Komitmen Indonesia untuk mendapatkan kesepakatan perdagangan yang adil terlihat dari isu minyak sawit yang sedang marak saat ini. Indonesia, tuturnya, akan melawan diskriminasi perdagangan minyak sawit oleh Uni Eropa.
Oleh
ELSA EMIRIA LEBA
·3 menit baca
JAKARTA, KOMPAS - Pemerintah Indonesia berupaya menonjolkan peran Tidore, Maluku Utara, sebagai salah satu titik penting perdagangan rempah-rempah dunia di masa lampau. Narasi tersebut bertujuan untuk menunjukkan Indonesia turut berkontribusi besar dalam mendorong globalisasi.
Direktur Eropa I Direktorat Jenderal Amerika dan Eropa Kementerian Luar Negeri Dino R Kusnadi di Jakarta, Senin (15/7/2019), mengatakan, kejayaan Tidore sebagai daerah penghasil rempah-rempah dunia meredup setelah komoditas tersebut tidak lagi langka. Saat ini, perkembangan Tidore relatif lambat dibandingkan daerah-daerah lainnya di nusantara.
“Kami ingin hadirkan catatan sejarah mengenai kemaritiman Indonesia. Posisi sentral Tidore membuatnya menjadi salah satu tujuan ekspedisi Ferdinand Magellan dan Juan Sebastián Elcano pada 1500-an,” kata Dino di sela-sela rangkaian 10th Meeting of the Global Network of Magellan Cities (GNMC) di Jakarta, Senin.
Ekspedisi Magellan dan Elcano berkontribusi terhadap ilmu pengetahuan yang membuktikan bahwa bumi itu bulat. Selain itu, ekspedisi keduanya membentuk jalur perdagangan dunia melalui komoditas rempah-rempah yang turut mendorong awal mula globalisasi.
Menurut Dino, hal yang perlu diluruskan adalah Indonesia telah memiliki jalur perdagangan sendiri sebelum kedatangan Portugal dan Spanyol. Untuk itu, forum diskusi lintas instansi dan negara diperlukan untuk memperbaiki narasi mengenai Tidore dan peran Indonesia.
GNMC, Pemerintah Kota Tidore, Kementerian Luar Negeri, dan sejumlah instansi lainnya berkolaborasi untuk mengadakan diskusi membahas kondisi Indonesia, teknologi kelautan, kedatangan Portugal dan Spanyol, serta persaingan Tidore dan Ternate pada masa ekspedisi Magellan dan Elcano.

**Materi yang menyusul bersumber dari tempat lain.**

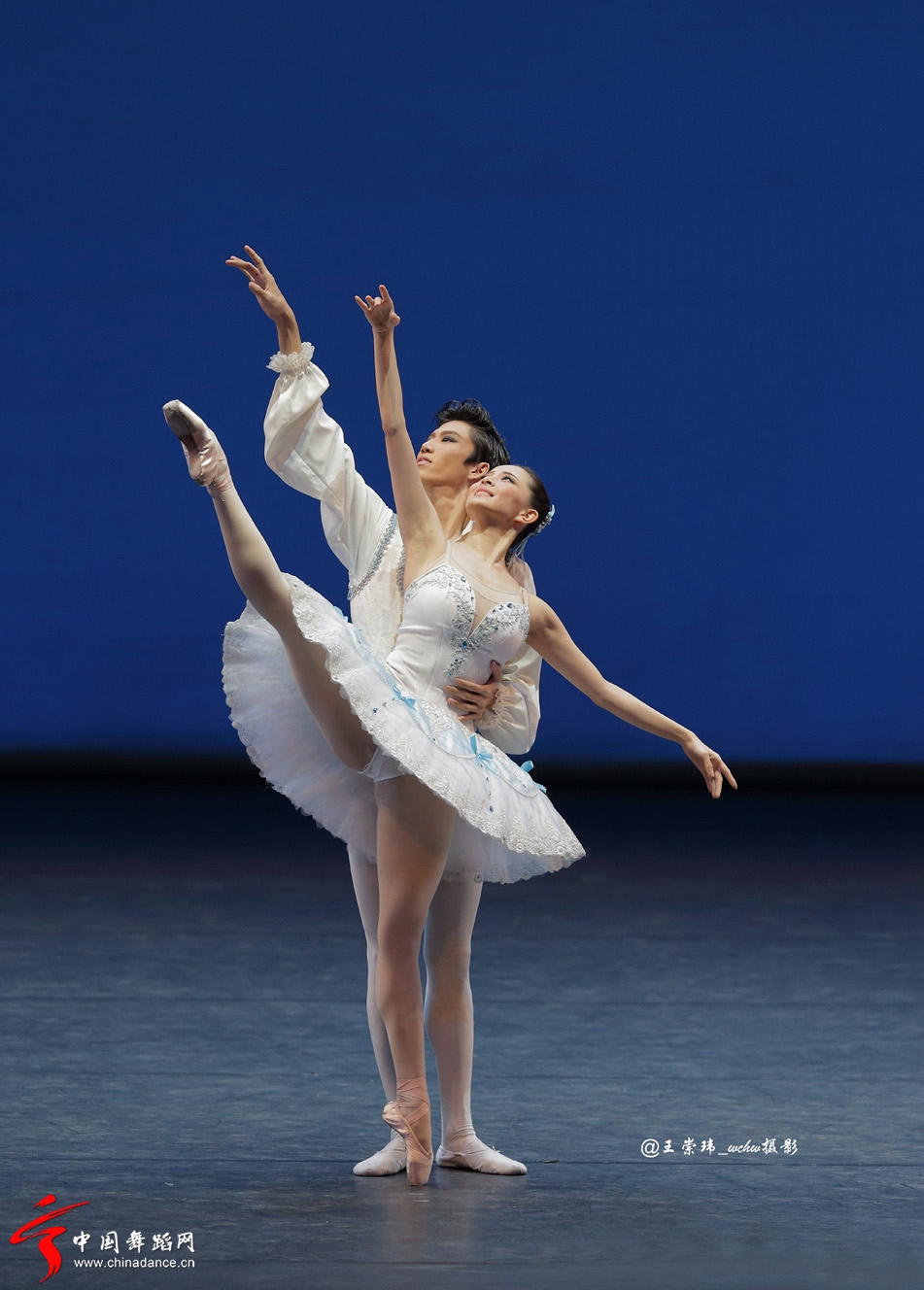 葛蓓莉亚 武思聪孙晓倩 中央芭蕾舞团2015演员年度考核汇演3.jpg
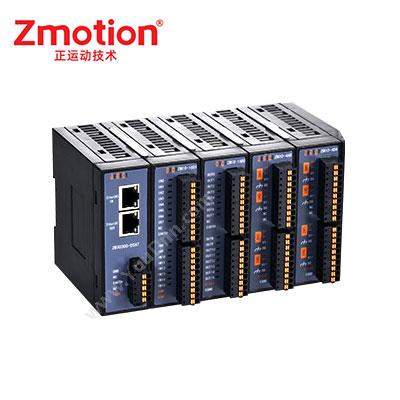 正运动技术ZMIO300-EtherCAT总线扩展模块运动控制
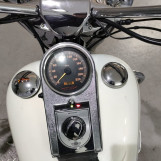 Мотоцикл HD FATBOY FLSTF1450 с пробегом 30482 km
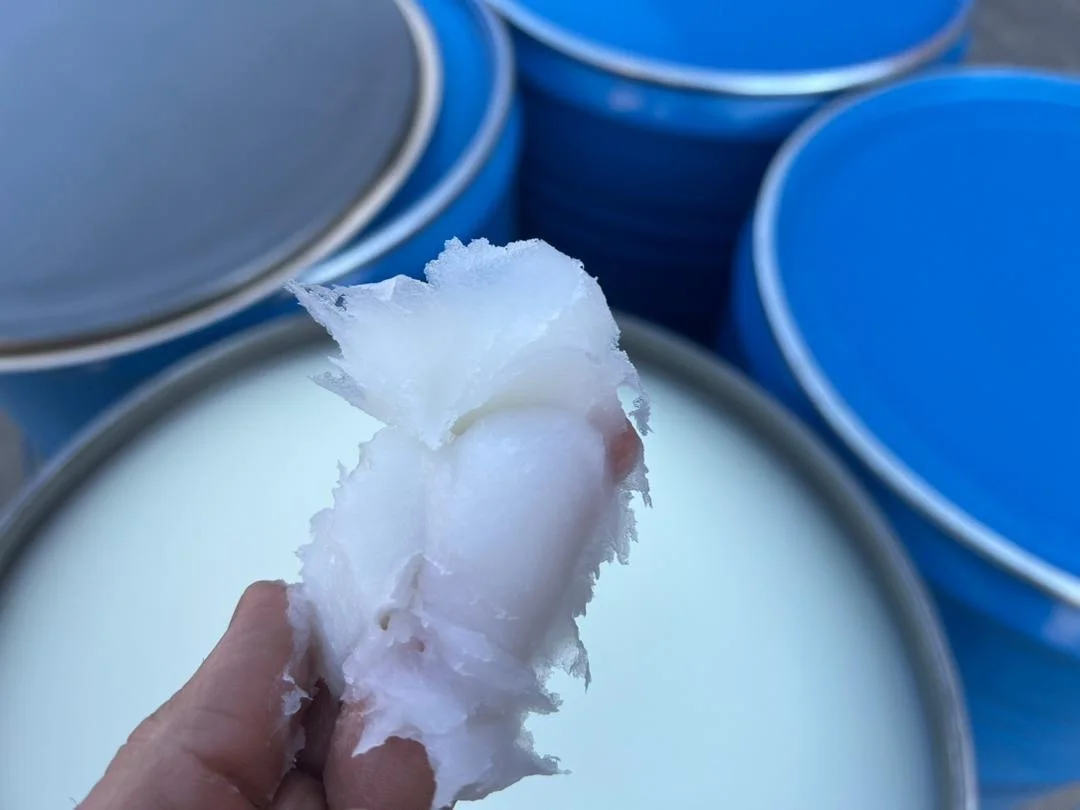 Industrial petroleum jelly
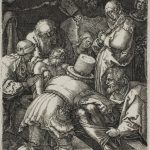Deposition, from The Engraved Passion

Turut hadir dalam acara tersebut Menteri Luar Negeri Retno LP Marsudi, Menteri Koordinator Kemaritiman Luhut Binsar Pandjaitan, perwakilan Presiden GNMC Catarina Marques de Almeida Vas Pinto, dan Sultan Tidore Husain Alting Sjah.
Catarina mengatakan, diskusi tersebut diperlukan untuk mengingat kembali sejarah dan bagaimana negara bisa belajar dari situ. “Jalur perdagangan laut merupakan alasan yang menghubungkan kita,” tuturnya.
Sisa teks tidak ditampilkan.